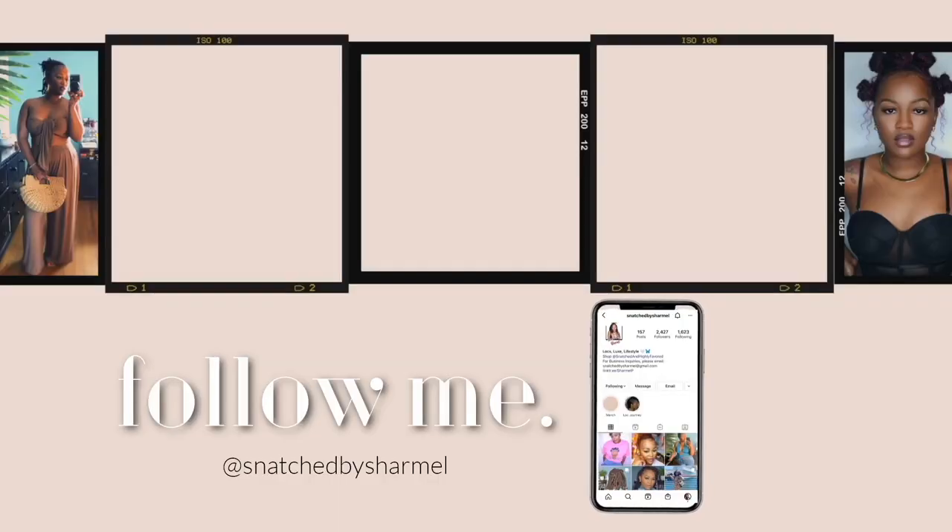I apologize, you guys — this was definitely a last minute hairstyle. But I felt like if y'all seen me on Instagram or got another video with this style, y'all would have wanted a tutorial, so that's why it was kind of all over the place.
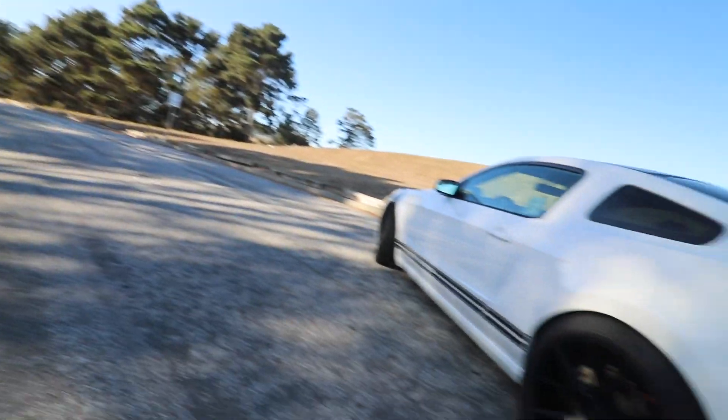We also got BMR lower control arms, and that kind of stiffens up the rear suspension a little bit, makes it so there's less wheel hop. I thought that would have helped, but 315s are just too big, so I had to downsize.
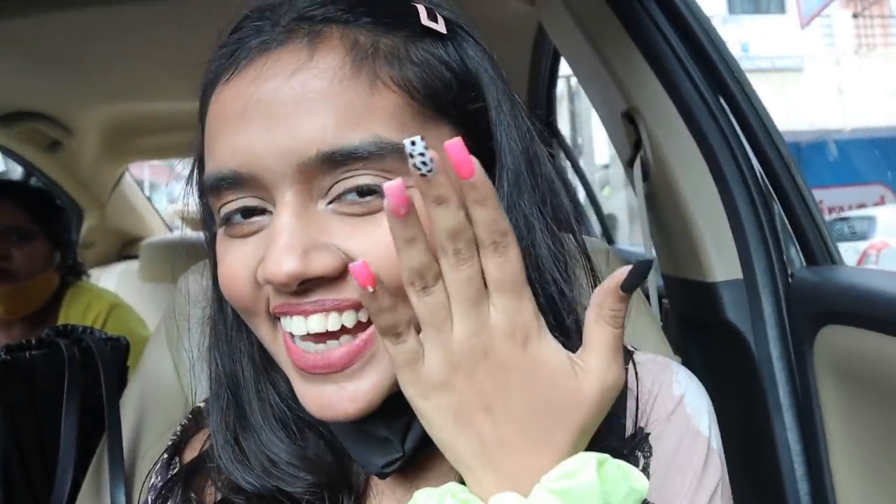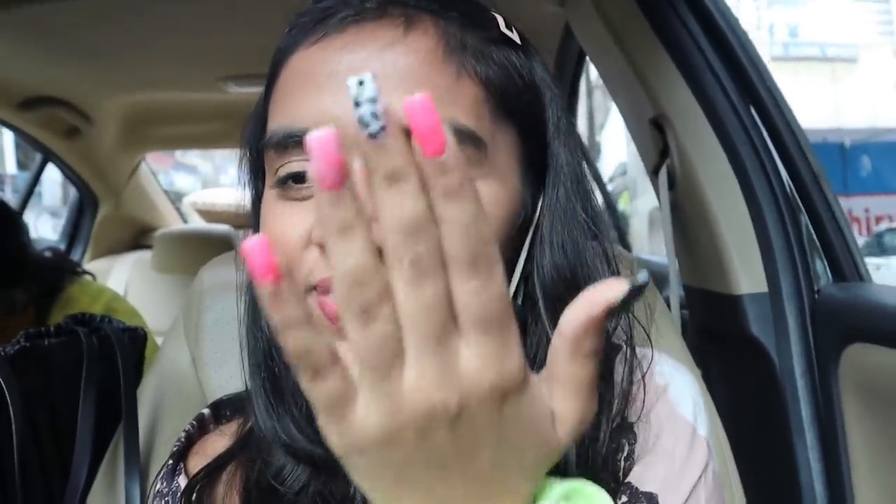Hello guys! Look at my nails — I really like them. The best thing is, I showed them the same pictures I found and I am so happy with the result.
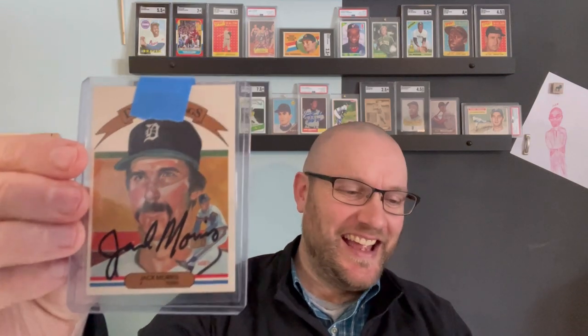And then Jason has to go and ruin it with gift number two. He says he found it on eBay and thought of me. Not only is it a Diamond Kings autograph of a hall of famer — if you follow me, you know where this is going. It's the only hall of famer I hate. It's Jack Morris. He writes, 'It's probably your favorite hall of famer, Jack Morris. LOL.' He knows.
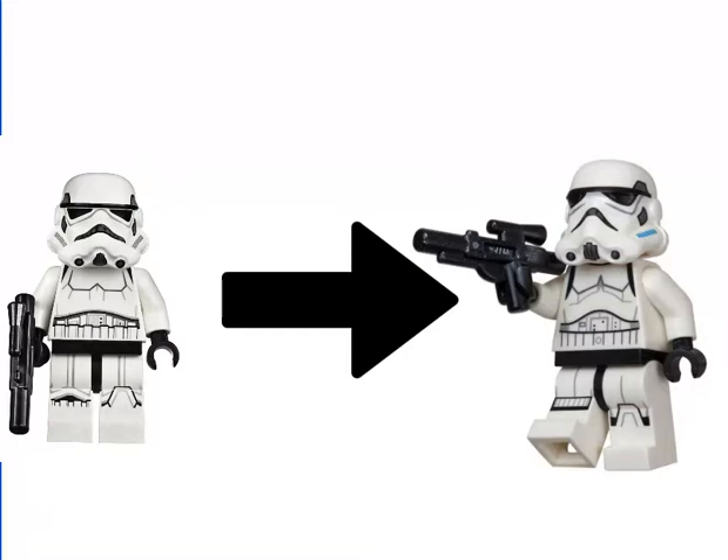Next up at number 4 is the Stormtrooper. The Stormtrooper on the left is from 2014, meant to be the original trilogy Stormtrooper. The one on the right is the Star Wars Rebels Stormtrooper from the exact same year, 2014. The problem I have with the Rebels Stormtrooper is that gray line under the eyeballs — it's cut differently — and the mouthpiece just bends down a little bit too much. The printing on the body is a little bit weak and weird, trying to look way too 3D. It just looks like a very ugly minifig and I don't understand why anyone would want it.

######

▸ What the task asks
Repeat word for word the lines above, from the first entry through the line containing "And then Jason", with both ends kept and the pictures dropped.

▸ Solution
I apologize, you guys — this was definitely a last minute hairstyle. But I felt like if y'all seen me on Instagram or got another video with this style, y'all would have wanted a tutorial, so that's why it was kind of all over the place.
We also got BMR lower control arms, and that kind of stiffens up the rear suspension a little bit, makes it so there's less wheel hop. I thought that would have helped, but 315s are just too big, so I had to downsize.
Hello guys! Look at my nails — I really like them. The best thing is, I showed them the same pictures I found and I am so happy with the result.
And then Jason has to go and ruin it with gift number two. He says he found it on eBay and thought of me. Not only is it a Diamond Kings autograph of a hall of famer — if you follow me, you know where this is going. It's the only hall of famer I hate. It's Jack Morris. He writes, 'It's probably your favorite hall of famer, Jack Morris. LOL.' He knows.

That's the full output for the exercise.